I don't think it hurts to permit writes, but indeed the unwinder should be able to unwind the function. I'm also not sure how setting $lr "fixes" it. Setting $lr changes the value of $lr in the top-level frame, not in frame 6? Debugging the unwinder is a bit of work. The trapframe unwinder does unwind 'lr' from the trapframe. If the layout the unwinder assumes is wrong that might manifest as this though. One way you can check is if the register values at frame 6 (info registers) match the value of the trapframe (which you can find via 'p *frame' up in frames 3 or 4.
(In reply to John Baldwin from comment #5) I wouldn't say that setting $lr fixes this issue with kgdb, but it just helps me to update LR to a value printed by ddb right after a switch to frame 6. Please, take a look at the stack backtrace printed by ddb and backtraces and registers printed by kgdb I attached. I could create a new PR with a patch for kgdb actually to separate work.
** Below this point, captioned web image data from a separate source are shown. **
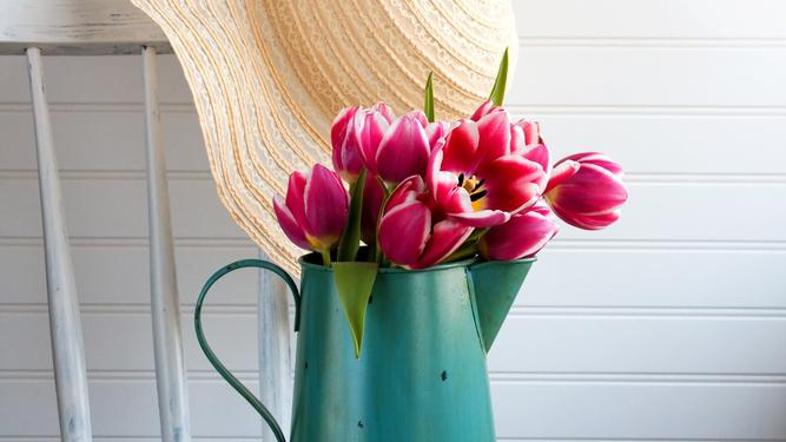 Posadite jih zdaj, da boste spomladi uživali v njihovi lepoti. (Foto: Shuttersto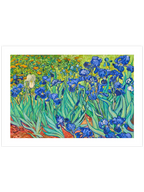 Van Gogh Irises - Art Print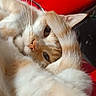 cat, orange_and_white, fluffy, furry, pet, animal, whiskers, green_eyes, face, paw, tail, lounging, lying_down, indoor, red_background, chair, close_up, portrait, cute, relaxed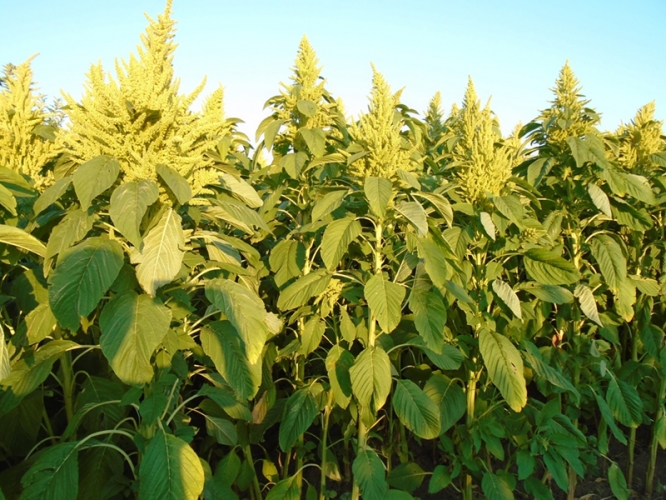 28741438a47544fee5c98967d5977119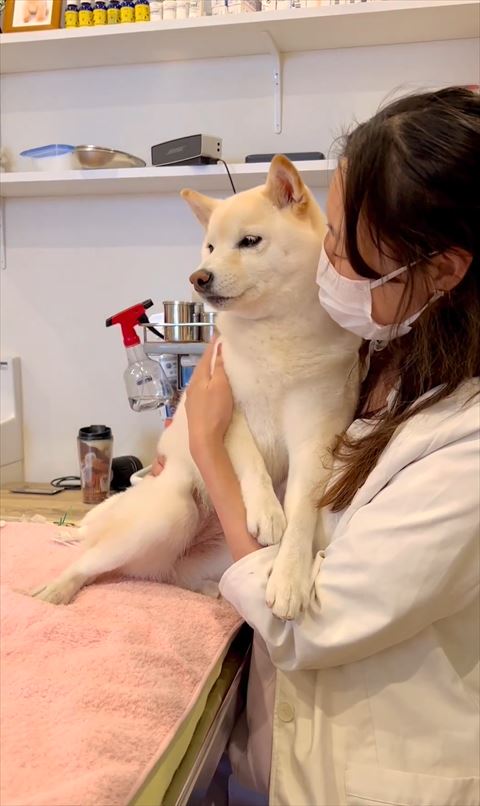 先生に寄り添い横見るワンコ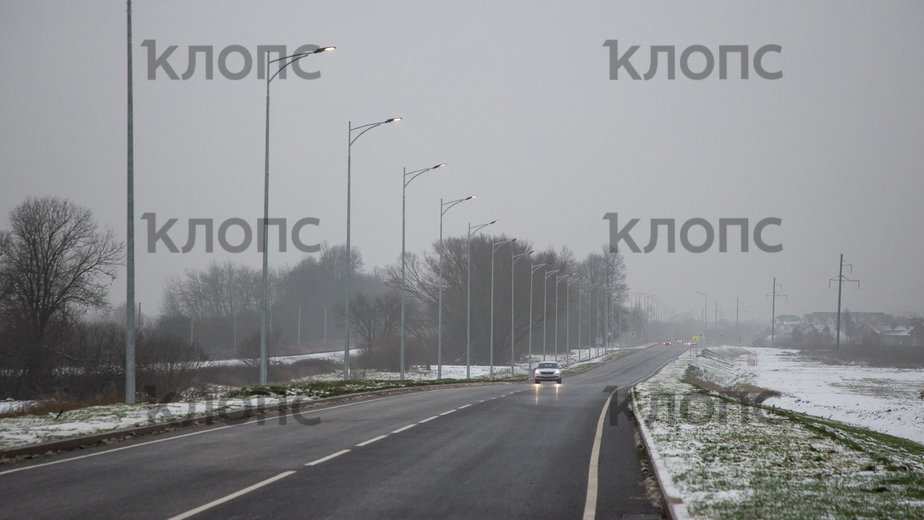 Дороги калининградской области с деревьями фото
What do you think?
Created attachment 220115 [details] Stack backtrace and registers printed by DDB
Created attachment 220116 [details] This is what I did to restore a correct value of LR in kgdb
Any comments?
The patch looks ok to me. One cosmetic nit: I think the check for curthread == kdb_thread can be lifted out of the switch statement, i.e., the function should just return immediately if curthread != kdb_thread.
(In reply to Mark Johnston from comment #10) I also thought about it. No problem, will do!
Created attachment 220181 [details] Write SP, LR and r0-r12 registers in addition to the PC one
(In reply to Dmitry Salychev from comment #12) Thanks, committed.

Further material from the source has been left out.